▶ _INFORMATION PROVIDED_
[Start of Attachment]

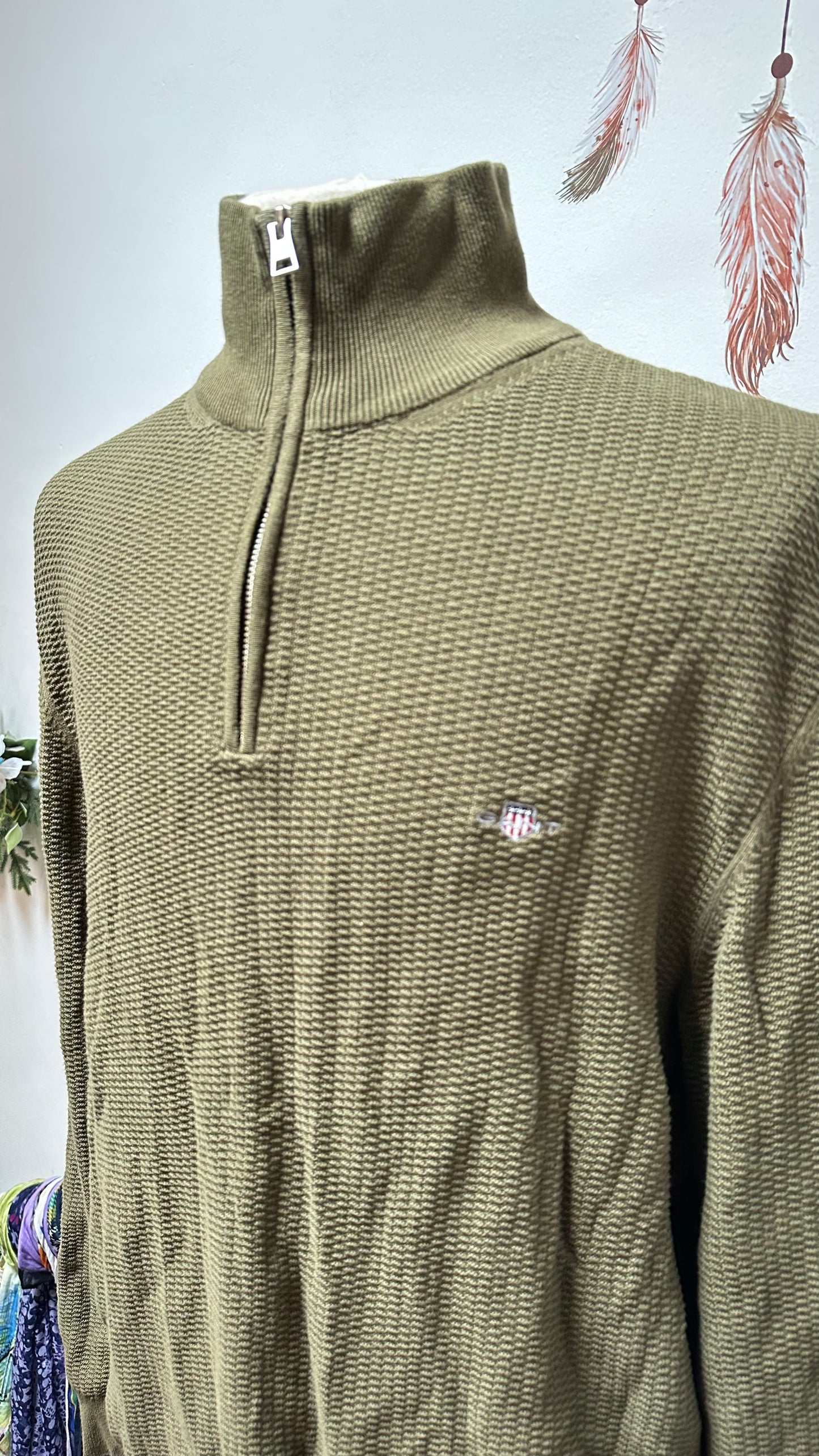 Gant Olive Green Quarter Zip Size 2XL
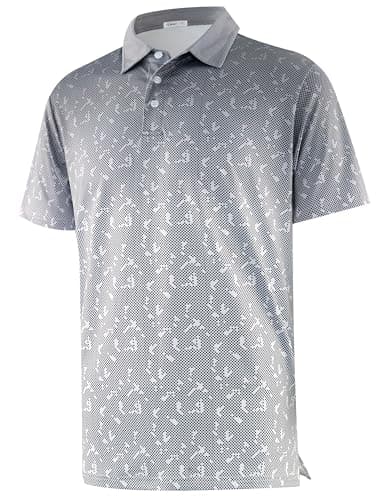 Image of APTRO Men’s Golf Polo Shirts for Men Adult Summer Quick Dry T Shirts Short Sleeve Golf Tops Printed Lightweight Shirts Gradient Grey PL040 XL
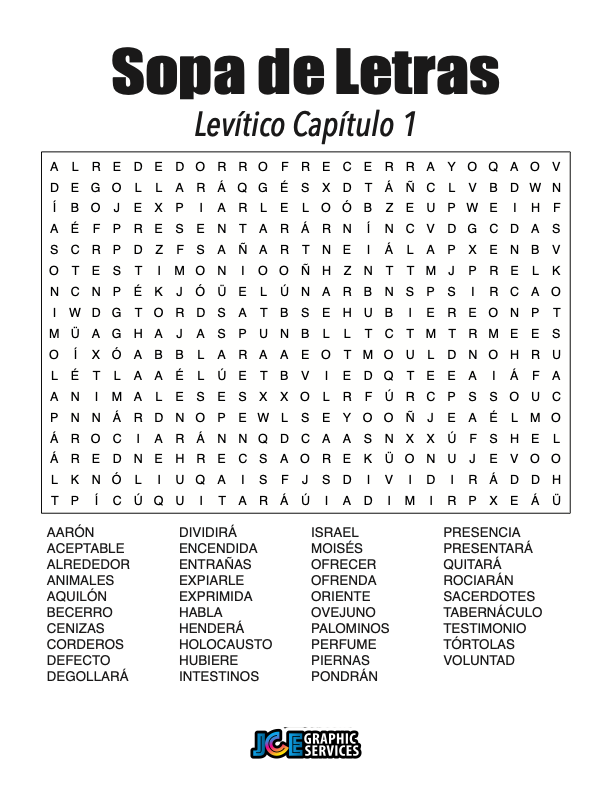 Sopa de Letras - Levítico Cápitulo 1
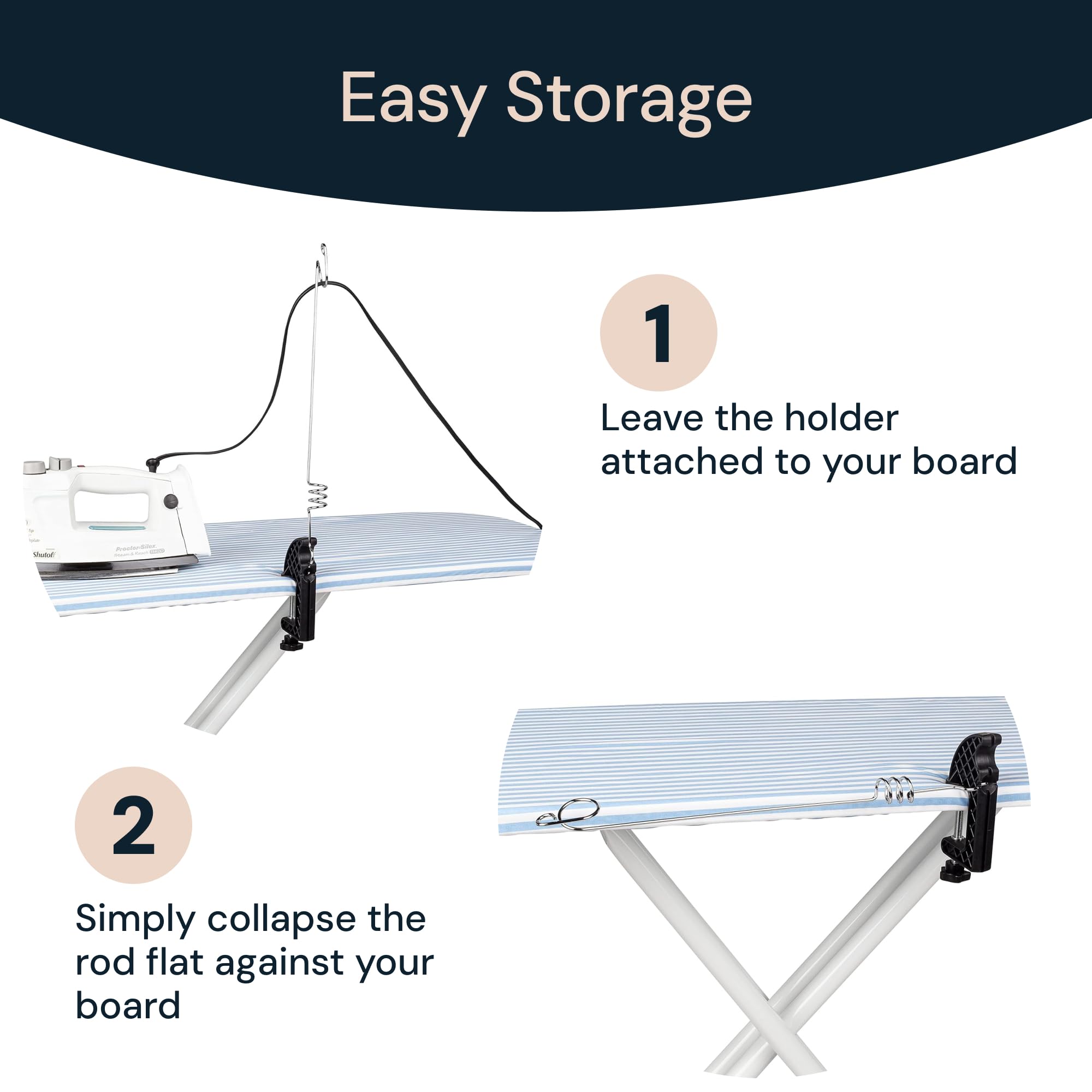 Simplyimagine Cord Holder For Ironing Board - Flexible Universal Steam Iron Cord Minder, Keeps Cord Out Of The Way - Flex Cable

[End of Attachment]

▶ _EXERCISE DIRECTIONS_
Would you copy the lines from the one holding "Sopa de Letras - Levítico Cápitulo 1" down to the last line of the material, both included, exactly and with nothing added, skipping the pictures?

▶ _RESPONSE BOX_
 Sopa de Letras - Levítico Cápitulo 1
 Simplyimagine Cord Holder For Ironing Board - Flexible Universal Steam Iron Cord Minder, Keeps Cord Out Of The Way - Flex Cable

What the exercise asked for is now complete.